GIVEN DATA
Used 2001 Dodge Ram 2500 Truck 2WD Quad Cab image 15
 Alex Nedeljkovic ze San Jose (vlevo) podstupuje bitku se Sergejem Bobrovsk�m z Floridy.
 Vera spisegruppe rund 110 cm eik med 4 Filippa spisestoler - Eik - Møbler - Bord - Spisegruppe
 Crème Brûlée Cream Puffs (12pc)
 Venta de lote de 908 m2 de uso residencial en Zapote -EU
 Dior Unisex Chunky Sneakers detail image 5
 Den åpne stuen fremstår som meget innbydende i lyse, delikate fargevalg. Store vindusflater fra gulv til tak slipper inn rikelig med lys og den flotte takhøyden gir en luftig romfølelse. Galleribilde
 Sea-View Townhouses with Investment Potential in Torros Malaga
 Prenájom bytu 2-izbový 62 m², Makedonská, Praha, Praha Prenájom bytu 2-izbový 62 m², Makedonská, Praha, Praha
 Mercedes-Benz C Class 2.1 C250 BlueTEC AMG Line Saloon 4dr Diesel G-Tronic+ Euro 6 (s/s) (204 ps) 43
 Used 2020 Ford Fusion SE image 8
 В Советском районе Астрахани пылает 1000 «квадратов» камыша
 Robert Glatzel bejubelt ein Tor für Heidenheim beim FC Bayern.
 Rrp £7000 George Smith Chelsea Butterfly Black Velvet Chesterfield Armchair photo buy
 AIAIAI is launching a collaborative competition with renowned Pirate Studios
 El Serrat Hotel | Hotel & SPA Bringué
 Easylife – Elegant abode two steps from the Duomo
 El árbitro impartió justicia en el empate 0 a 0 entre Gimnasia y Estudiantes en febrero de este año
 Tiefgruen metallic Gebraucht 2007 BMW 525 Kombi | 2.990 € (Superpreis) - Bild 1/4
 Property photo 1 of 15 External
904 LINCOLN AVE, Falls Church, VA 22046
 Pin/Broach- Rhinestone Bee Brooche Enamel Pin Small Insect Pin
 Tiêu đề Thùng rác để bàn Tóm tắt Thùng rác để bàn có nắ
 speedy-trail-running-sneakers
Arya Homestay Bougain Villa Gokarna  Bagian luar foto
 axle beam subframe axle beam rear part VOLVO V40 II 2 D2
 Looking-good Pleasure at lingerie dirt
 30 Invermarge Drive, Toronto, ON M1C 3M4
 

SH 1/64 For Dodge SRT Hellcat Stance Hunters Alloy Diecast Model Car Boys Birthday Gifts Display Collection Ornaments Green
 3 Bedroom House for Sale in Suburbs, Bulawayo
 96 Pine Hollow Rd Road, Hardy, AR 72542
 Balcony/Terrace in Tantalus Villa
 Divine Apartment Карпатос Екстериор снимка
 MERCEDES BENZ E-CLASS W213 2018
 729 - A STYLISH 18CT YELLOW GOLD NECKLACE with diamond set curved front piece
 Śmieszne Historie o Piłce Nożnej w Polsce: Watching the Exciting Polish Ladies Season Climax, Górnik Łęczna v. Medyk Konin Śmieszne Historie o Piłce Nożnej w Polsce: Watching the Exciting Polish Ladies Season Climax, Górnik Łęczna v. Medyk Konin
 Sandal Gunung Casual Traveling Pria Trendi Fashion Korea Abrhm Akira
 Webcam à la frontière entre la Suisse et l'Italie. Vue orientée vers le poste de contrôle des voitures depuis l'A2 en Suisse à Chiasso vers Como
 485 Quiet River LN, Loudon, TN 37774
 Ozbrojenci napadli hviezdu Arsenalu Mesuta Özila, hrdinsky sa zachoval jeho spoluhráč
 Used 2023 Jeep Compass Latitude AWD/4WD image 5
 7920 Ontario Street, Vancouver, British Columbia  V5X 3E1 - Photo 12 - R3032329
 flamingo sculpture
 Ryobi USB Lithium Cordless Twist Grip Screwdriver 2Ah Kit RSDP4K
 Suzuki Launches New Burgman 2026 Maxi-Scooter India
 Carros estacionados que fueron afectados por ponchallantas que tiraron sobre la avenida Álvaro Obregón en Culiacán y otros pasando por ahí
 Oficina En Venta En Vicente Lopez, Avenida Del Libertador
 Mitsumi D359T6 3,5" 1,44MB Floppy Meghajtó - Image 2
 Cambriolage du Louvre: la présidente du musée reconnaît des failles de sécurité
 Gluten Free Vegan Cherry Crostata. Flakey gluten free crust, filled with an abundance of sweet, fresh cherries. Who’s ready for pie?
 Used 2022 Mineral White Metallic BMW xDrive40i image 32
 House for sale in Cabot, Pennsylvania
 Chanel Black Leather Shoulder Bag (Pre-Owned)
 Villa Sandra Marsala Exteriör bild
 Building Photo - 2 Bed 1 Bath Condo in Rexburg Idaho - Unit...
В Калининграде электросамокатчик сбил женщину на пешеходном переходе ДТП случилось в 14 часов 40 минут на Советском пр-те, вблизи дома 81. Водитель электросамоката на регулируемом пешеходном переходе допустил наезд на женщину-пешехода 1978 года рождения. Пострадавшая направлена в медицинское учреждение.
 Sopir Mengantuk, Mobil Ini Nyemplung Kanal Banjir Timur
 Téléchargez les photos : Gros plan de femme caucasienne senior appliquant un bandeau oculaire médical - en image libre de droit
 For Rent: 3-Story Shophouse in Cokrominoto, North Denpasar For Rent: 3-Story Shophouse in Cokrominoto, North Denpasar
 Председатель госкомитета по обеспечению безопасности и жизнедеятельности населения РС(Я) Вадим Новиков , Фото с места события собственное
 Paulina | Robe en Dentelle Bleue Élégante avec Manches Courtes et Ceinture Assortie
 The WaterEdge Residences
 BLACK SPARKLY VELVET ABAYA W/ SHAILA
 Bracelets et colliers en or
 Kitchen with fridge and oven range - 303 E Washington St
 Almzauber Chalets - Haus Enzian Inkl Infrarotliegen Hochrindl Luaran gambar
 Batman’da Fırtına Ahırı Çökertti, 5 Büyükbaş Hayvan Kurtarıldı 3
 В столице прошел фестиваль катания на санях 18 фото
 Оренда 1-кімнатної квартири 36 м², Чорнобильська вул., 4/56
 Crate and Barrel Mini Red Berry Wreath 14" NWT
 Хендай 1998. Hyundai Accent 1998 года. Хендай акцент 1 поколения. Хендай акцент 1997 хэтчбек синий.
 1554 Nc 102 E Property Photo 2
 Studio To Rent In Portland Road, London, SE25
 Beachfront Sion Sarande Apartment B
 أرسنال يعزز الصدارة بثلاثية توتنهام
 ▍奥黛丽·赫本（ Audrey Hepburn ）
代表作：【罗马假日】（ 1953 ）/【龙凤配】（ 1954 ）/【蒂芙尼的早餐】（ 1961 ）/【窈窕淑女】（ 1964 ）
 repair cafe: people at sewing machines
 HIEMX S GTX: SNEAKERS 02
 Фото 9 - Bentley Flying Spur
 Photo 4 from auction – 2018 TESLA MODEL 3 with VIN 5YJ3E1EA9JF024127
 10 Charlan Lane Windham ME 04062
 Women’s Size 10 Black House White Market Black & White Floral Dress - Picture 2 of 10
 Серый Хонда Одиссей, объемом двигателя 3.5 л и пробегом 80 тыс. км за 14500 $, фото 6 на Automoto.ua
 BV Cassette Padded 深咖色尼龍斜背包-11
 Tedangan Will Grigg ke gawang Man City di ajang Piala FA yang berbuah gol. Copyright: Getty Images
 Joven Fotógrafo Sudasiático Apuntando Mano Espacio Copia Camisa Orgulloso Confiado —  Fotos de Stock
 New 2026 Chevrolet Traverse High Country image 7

EXERCISE
From the records above, print only the lines between the one holding "Oficina En Venta" and the one holding "Building Photo - 2", inclusive, exactly as they stand.

EXPECTED ANSWER
 Oficina En Venta En Vicente Lopez, Avenida Del Libertador
 Mitsumi D359T6 3,5" 1,44MB Floppy Meghajtó - Image 2
 Cambriolage du Louvre: la présidente du musée reconnaît des failles de sécurité
 Gluten Free Vegan Cherry Crostata. Flakey gluten free crust, filled with an abundance of sweet, fresh cherries. Who’s ready for pie?
 Used 2022 Mineral White Metallic BMW xDrive40i image 32
 House for sale in Cabot, Pennsylvania
 Chanel Black Leather Shoulder Bag (Pre-Owned)
 Villa Sandra Marsala Exteriör bild
 Building Photo - 2 Bed 1 Bath Condo in Rexburg Idaho - Unit...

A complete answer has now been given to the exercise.